The state of Florida is preparing to celebrate a significant birthday.
Next year will mark the 500th anniversary of Juan Ponce de Leon's discovery and exploration of the peninsular Sunshine State, and a local nonprofit is working to ensure that Key West is a big part of the yearlong festivities.
"Everyone knows, or thinks they know, that Ponce de Leon discovered Florida in the 1500s while searching for the Fountain of Youth," said Bruce Neff, founder of Historic Markers Inc., the nonprofit that created a series of historic markers for various significant buildings and sites in Key West. The markers offer a free walking tour, phone application and website.
The organization recently created a project known as "Historic Key West: 500 Years of Paradise" to coincide with the statewide "Viva Florida 500" anniversary celebrations.
Historic Markers has been designated as Key West's official liaison with the Florida Department of State, which is planning the anniversary events.
"This statewide commemoration is the perfect venue to feature our rich, multicultural and heritage to a worldwide audience," Neff said, adding that cultural tourists interested in history and architecture, represent the second-largest and fastest-growing segment of Key West's tourism economy. "With an aging national population, these cultural tourists represent the future of our tourism economy."
Neff further explained that Ponce de Leon, in reality, likely landed on Florida's shores around present-day Melbourne or Cape Canaveral, not St. Augustine, and there is no mention of him seeking the Fountain of Youth until folklore created that legend almost 100 years later.
"But we do know that Ponce de Leon did discover the Gulfstream current, and found that it traveled north," Neff said. "He also named the Florida Keys Los Martires (The Martyrs) and the Tortugas island chain.
"From 1513 to the 1700s, the Florida Keys were a Spanish colony," Neff said, adding that the Keys were under Spain's rule for longer than the island chain has been part of the United States.
Neff this week has launched a streetlight banner program to be installed in January. Thirty-nine banners will be installed along Duval Street, imprinted with the name of a business sponsor as well as a "Historical Nugget" of information about Key West's history. An additional 45 banners will be installed at Mallory Square, and will feature information about Key West, such as "Key West was the home of Florida's first millionaire in 1890," "1900 Population: Key West 19,000 -- Miami 500."
The red, white and blue will be printed on both sides, and offer local businesses a sponsorship opportunity for $900 to $1,500 for the whole year.
Neff also has launched a new website, historickeywest.org, which will feature a free event calendar for businesses and organizations to advertise the events they create to coincide with the historic anniversary. The event calendar will link to hundreds of thousands of potential customers through Visit Florida, Viva Florida 500 and the Monroe County Tourist Development Council.

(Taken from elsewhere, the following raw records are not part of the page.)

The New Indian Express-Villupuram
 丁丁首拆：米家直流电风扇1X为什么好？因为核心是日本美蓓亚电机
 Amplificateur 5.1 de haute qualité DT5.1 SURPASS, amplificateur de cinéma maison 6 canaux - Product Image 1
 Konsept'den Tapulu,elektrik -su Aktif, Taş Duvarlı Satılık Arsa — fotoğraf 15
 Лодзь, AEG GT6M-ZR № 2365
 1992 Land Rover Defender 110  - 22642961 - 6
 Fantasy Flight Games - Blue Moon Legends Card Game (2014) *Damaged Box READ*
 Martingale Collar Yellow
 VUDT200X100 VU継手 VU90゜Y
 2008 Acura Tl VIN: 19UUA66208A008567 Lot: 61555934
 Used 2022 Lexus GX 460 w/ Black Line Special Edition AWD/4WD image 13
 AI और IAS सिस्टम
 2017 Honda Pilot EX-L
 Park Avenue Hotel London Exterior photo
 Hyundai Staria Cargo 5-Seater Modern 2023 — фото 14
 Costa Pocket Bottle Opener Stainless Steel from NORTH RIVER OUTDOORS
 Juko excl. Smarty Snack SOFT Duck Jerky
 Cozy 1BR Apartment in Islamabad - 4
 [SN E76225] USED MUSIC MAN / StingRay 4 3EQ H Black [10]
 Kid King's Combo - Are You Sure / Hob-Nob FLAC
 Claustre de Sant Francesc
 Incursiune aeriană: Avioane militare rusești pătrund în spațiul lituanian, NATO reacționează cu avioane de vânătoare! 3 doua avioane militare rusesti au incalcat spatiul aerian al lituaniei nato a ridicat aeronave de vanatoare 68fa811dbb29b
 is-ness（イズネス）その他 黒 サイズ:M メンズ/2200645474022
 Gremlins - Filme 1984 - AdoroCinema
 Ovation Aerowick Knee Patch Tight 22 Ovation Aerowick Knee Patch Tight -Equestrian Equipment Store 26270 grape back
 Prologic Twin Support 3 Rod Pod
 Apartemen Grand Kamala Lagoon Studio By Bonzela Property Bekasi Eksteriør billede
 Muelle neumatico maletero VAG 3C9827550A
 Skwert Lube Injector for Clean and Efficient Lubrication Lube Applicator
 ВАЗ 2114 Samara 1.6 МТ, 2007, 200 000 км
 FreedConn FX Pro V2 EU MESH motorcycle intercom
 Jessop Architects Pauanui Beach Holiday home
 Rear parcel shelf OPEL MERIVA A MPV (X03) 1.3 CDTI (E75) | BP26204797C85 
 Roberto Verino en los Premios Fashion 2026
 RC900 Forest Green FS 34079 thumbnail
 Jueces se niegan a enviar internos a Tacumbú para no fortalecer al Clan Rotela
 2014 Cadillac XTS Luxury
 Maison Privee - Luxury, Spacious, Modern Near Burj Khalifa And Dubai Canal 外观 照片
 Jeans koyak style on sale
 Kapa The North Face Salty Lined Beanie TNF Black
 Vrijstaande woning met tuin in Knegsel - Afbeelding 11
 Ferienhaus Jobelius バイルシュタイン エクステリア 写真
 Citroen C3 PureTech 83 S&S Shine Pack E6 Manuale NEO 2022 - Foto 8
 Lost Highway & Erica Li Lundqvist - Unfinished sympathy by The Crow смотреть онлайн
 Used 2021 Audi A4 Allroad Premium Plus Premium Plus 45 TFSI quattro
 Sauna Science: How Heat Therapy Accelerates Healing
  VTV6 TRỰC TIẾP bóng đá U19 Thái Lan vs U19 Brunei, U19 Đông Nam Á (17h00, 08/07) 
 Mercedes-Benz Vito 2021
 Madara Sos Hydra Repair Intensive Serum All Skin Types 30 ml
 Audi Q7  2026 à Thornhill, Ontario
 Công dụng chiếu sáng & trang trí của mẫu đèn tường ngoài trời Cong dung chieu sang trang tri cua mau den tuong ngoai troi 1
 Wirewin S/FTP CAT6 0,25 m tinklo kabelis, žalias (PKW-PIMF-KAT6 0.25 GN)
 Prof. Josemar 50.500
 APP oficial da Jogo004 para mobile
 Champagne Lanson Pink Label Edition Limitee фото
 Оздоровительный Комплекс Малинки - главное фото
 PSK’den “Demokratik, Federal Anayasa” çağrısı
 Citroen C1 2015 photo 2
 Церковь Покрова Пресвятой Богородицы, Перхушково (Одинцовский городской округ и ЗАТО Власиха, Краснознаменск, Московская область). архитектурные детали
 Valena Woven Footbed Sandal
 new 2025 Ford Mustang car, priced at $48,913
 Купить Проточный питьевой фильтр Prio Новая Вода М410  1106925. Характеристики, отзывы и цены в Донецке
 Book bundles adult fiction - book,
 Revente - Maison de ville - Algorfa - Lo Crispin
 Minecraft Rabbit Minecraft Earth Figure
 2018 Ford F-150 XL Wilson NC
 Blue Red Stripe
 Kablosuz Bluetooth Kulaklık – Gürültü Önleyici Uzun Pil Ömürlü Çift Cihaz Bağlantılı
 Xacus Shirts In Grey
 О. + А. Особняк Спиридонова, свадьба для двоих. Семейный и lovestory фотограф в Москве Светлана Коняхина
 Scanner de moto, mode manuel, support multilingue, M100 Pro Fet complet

"There's no end of the events that can be created to coincide with the 500th anniversary," Neff said, suggesting that a local boxing match could incorporate conquistadors. Fishing tournaments could use the discovery of the Gulf Stream. The possibilities are endless, he said, and the events will be advertised for free on the new historickeywest.org website.
"The online ads will get organizers to a market they've never reached before."
The website also features hundreds of historic Key West photos as well as a page that encourages all Key West residents to tell the story of how they became a part of Key West's history.
"'Our 500 Years of Paradise' theme operates under the simple premise of whether you've lived in Florida for five months or can trace your family back 500 years, you have a story to tell," Neff told The Citizen last week, adding that some people may choose to write the story of how they came on vacation 10 years ago and never left. Or they may share a story about Key West fishing trips. All will become a lasting part of Key West's recorded history, Neff said.
The nonprofit also is producing a documentary about Key West's history, and has designed "I made history in Key West" T-shirts that will feature a business logo on the front breast and a historic map on the back.
"We really need to dip into our most underutilized feature -- our history -- to tap into cultural tourism," Neff said.